Any story about all-flash arrays must start with a disclaimer: Very few companies are diskless.

Gartner stated nine months ago that less than one percent of data centers were all-flash at that time, yet the research house is predicting the figure will skyrocket to 50% by 2020.

For now, despite the hype, flash arrays are a modest part of a balanced storage diet wherever you look. Spinning hard disks will be phased out, but most people aren’t as bullish about when.

SEE: All-flash arrays: The smart person’s guide (TechRepublic)

Infrastructure planners who want a head start may have many questions. We turned to another analyst, Enterprise Strategy Group’s Scott Sinclair, for some answers.

TechRepublic: What’s the right time for an enterprise to consider switching from HDD storage to flash?

Scott Sinclair: Yesterday. According to our research as well as the anecdotal conversations I have had with CIOs, the benefits delivered by flash storage are transformational. In fact, I have yet to meet anyone who has said that his or her flash deployment was a mistake.

For those few remaining data centers without flash, here is a good rule of thumb for transactional workloads. If your current storage infrastructure has no issues whatsoever in scale, performance, reliability, management, etc., then you are probably fine to wait until your existing infrastructure approaches its end-of-life before switching to flash storage.

TechRepublic: Speed and reliability are the biggest advantages of flash; are there underreported advantages?

Scott Sinclair: According to our research, almost half of flash users reported improvements to both operational expenses and TCO. In other words, adding flash storage helps make the infrastructure easier to manage.

TechRepublic: Cost is the biggest downside; are there underreported disadvantages?

Scott Sinclair: Not really, cost continues to be the top inhibitor of flash deployments. Even though nearly half of storage decision makers reported that flash helped improve total cost of ownership, historically there has been a premium acquisition price for flash storage relative to [hard-disk drives] in terms of cost per capacity. Thanks to a lower cost of components and more efficient software though, that cost premium is almost non-existent today when flash is compared to higher performing HDDs.

TechRepublic: In 2017, should you switch only when there’s a specific application, or is it wise to switch simply to stay ahead of the curve?

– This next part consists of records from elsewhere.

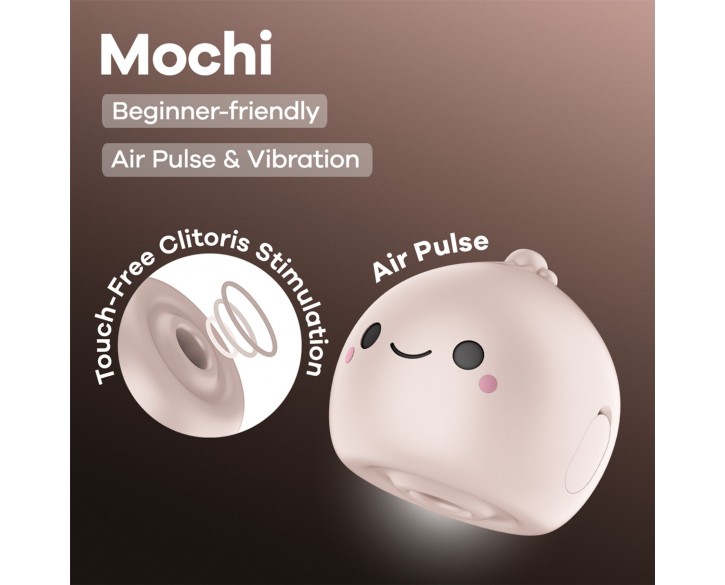 Вакуумний кліторальний стимулятор Satisfyer Mochi Beige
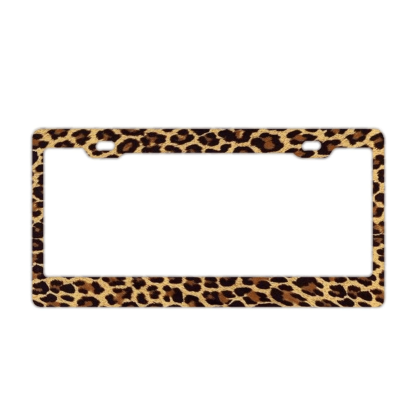 Leopard Print License Plate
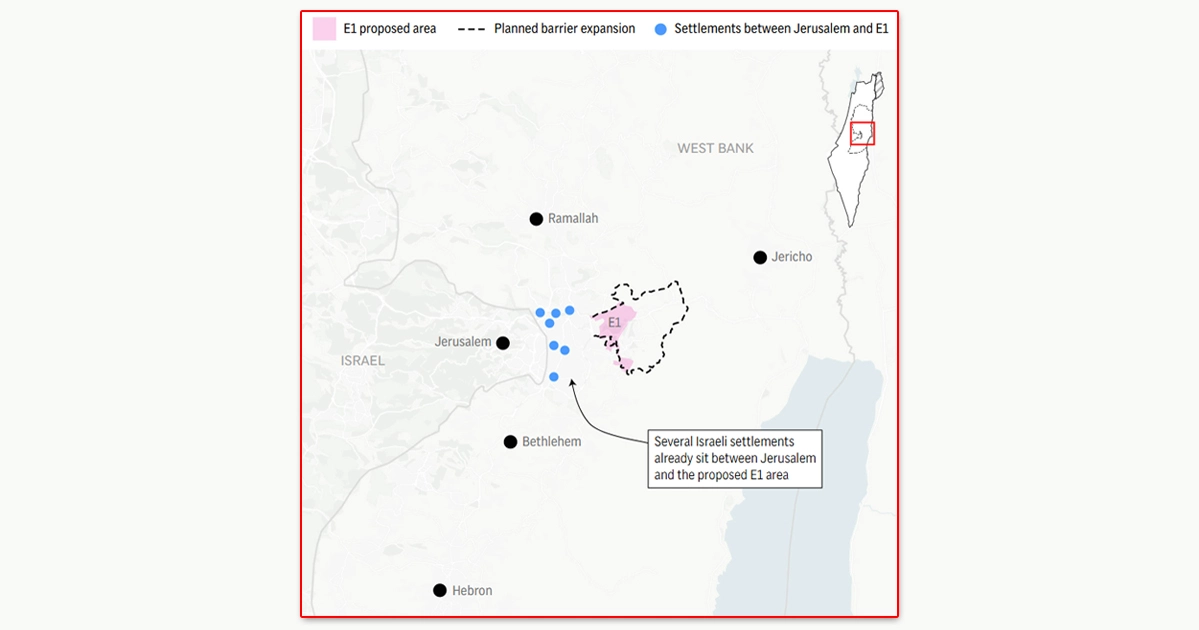 বসতি নির্মাণের পরিকল্পনা পশ্চিম তীরকে বিভক্ত করে ফেলবে, আশঙ্কা সমালোচকদের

Scott Sinclair: Outside of secondary storage environments, such as backup or long-term archive, flash storage very likely will be an improvement over your HDD-based storage environment for both new and existing applications. I recommend starting with your most performance-critical applications and moving on from there.

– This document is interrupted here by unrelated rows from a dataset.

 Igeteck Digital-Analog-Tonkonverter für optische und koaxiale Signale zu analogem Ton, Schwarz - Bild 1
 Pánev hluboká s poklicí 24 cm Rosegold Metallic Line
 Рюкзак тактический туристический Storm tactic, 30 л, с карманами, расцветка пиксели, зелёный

TechRepublic: How do you decide whether to go hybrid or all-flash?

Scott Sinclair: Both hybrid and all-flash will provide significant benefits over an all-HDD based environment. All-flash is more expensive, but the performance benefits are more predictable. With flash costs coming down, I would make all-flash my default option, and then select hybrid in the cases where the budget or business priority of the workload can’t support all-­flash.

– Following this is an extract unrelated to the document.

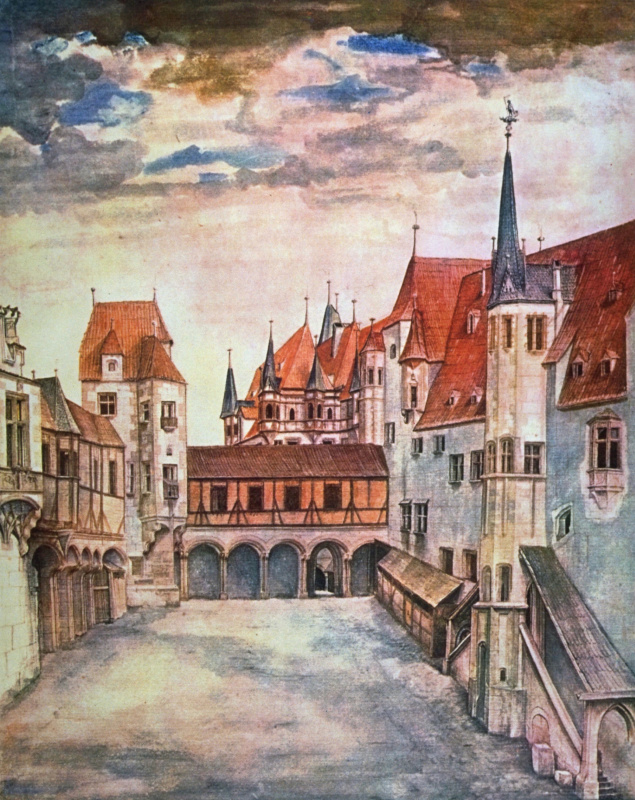 Albrecht Dürer. View of Innsbruck from the North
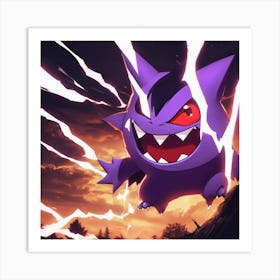 Pokemon Lightning Art Print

TechRepublic: If you choose hybrid, then how do you make your HDDs and flash play nicely together?

Scott Sinclair: There are a number of storage industry players that have already solved this problem. If you decide to go hybrid, my recommendation is to evaluate the performance and the manageability of the solution prior to acquisition.

TechRepublic: Is the industry starting to see any unconsidered long-term effects of flash, either pro/con?

Scott Sinclair: A couple things have come up. On the positive side, there has been a lot of talk lately about IT, or digital, transformation. This can mean a lot of things.

When I think about IT transformation though, it is more than simply buying the latest and greatest stuff. It is that the new infrastructure can so dramatically improve your operations while delivering such a surplus in data performance that businesses can free up resources to address other business transformative projects, such as entering new markets or meeting customer demands in new ways. In addition, the added performance opens up opportunities to layer on analytics to existing data to become a more efficient and successful business.

SEE: Ebook–Digital transformation: A CXO’s guide (free PDF) (TechRepublic)

Flash storage has played a key role in enabling many businesses to undergo this IT transformation. One possible con has been for larger flash deployments. Flash eliminates the storage as the performance bottleneck, which is good. While the overall system performs significantly faster, finding the new bottleneck, once an organization hits it can be a challenge, however. It might be in the network, in the storage controller, or somewhere else. This typically isn’t an issue for mid-sized and even large workloads, but some high-performance enterprises are now having to identify and adjust to these new bottlenecks.

TechRepublic: What other points should buyers consider?

Scott Sinclair: With all the benefits flash provides, I would make flash storage my default choice for new storage infrastructure for transactional workloads. Obviously, storage decision makers need to evaluate the other elements of a solution before deciding, such as manageability, scalability, resiliency, etc. But with so many systems offering flash as an option today, that is often a separate consideration.